- **INFORMATION SUPPLIED**
━━━━━━━━━━

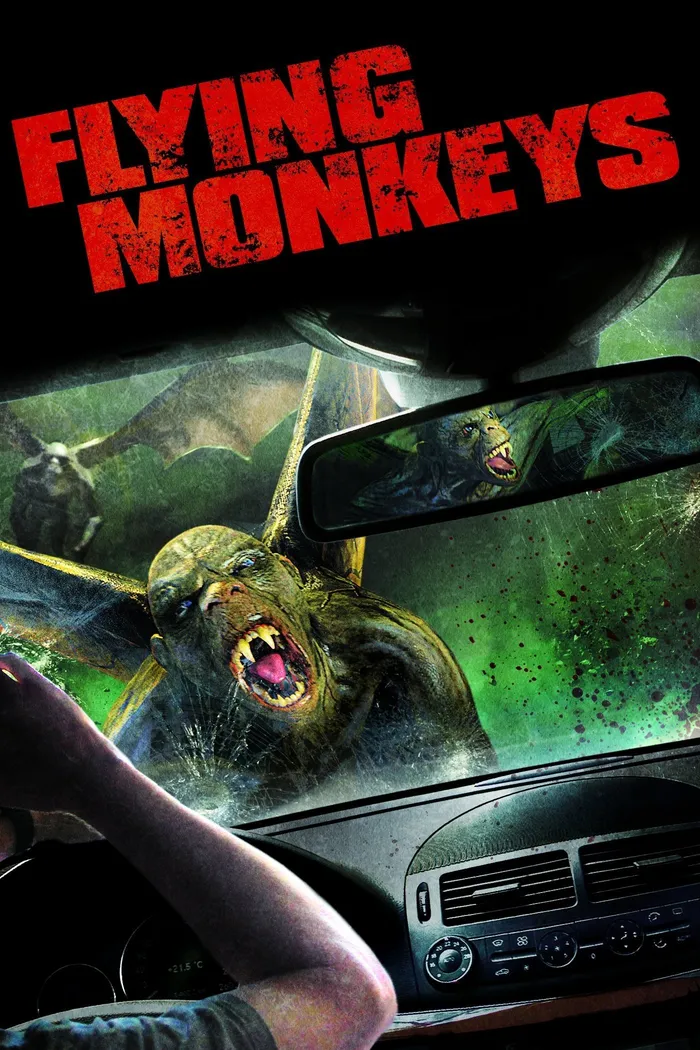 Flying Monkeys (2012) poster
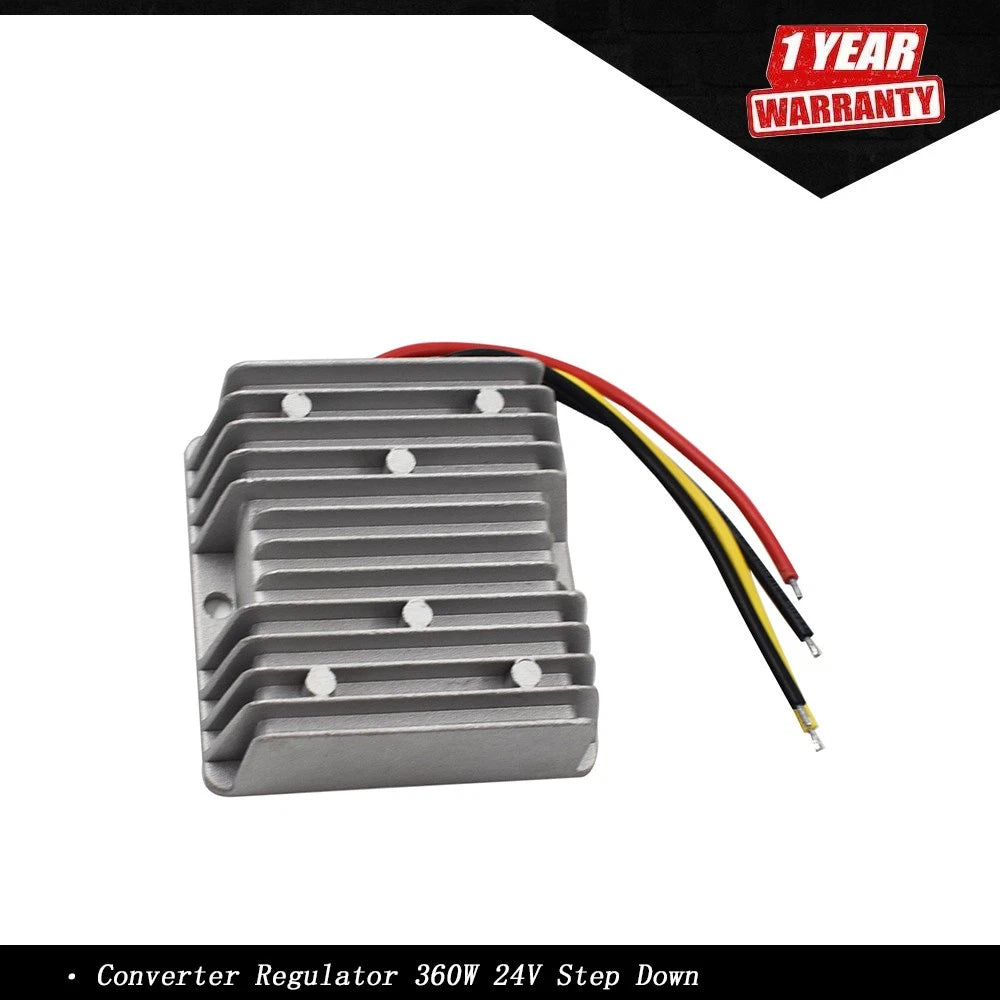 24V to 12V DC/DC Converter Regulator 30A 360W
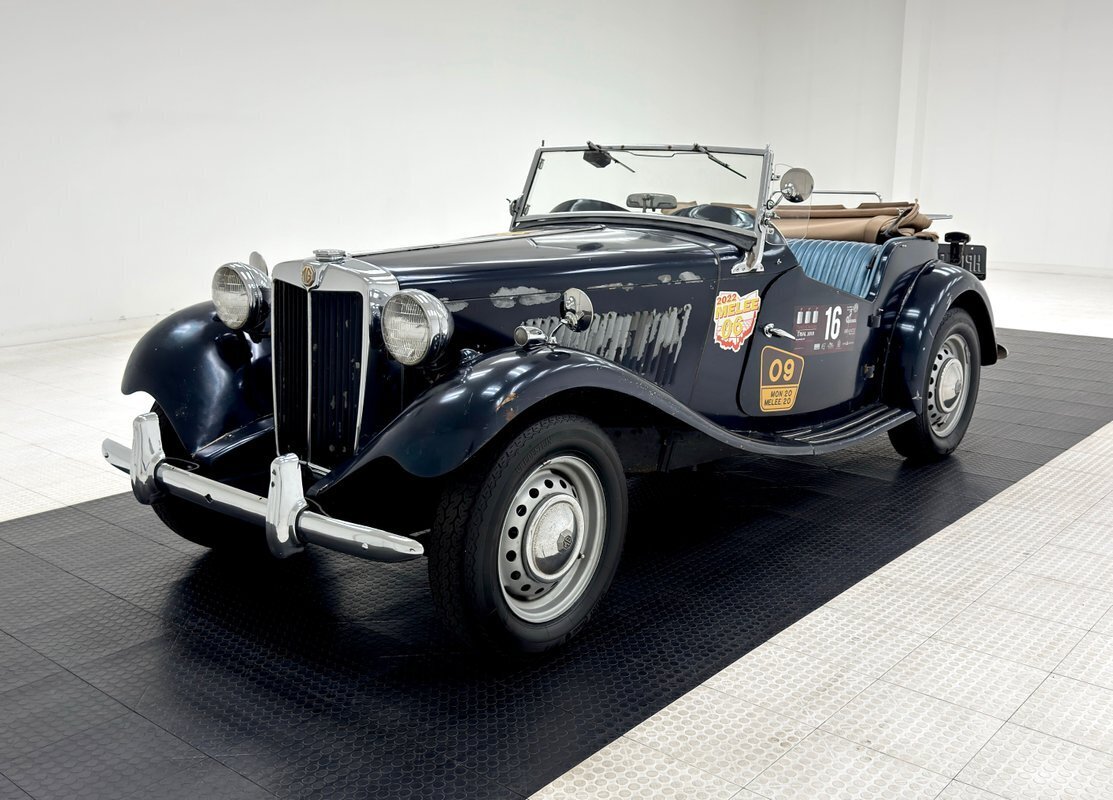 1951 MG T-Series Roadster - photo 2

━━━━━━━━━━

- **ABOUT THIS TASK**
Would you transcribe all of the data exactly, apart from its pictures?

- **FINISHED TASK**
 Flying Monkeys (2012) poster
 24V to 12V DC/DC Converter Regulator 30A 360W
 1951 MG T-Series Roadster - photo 2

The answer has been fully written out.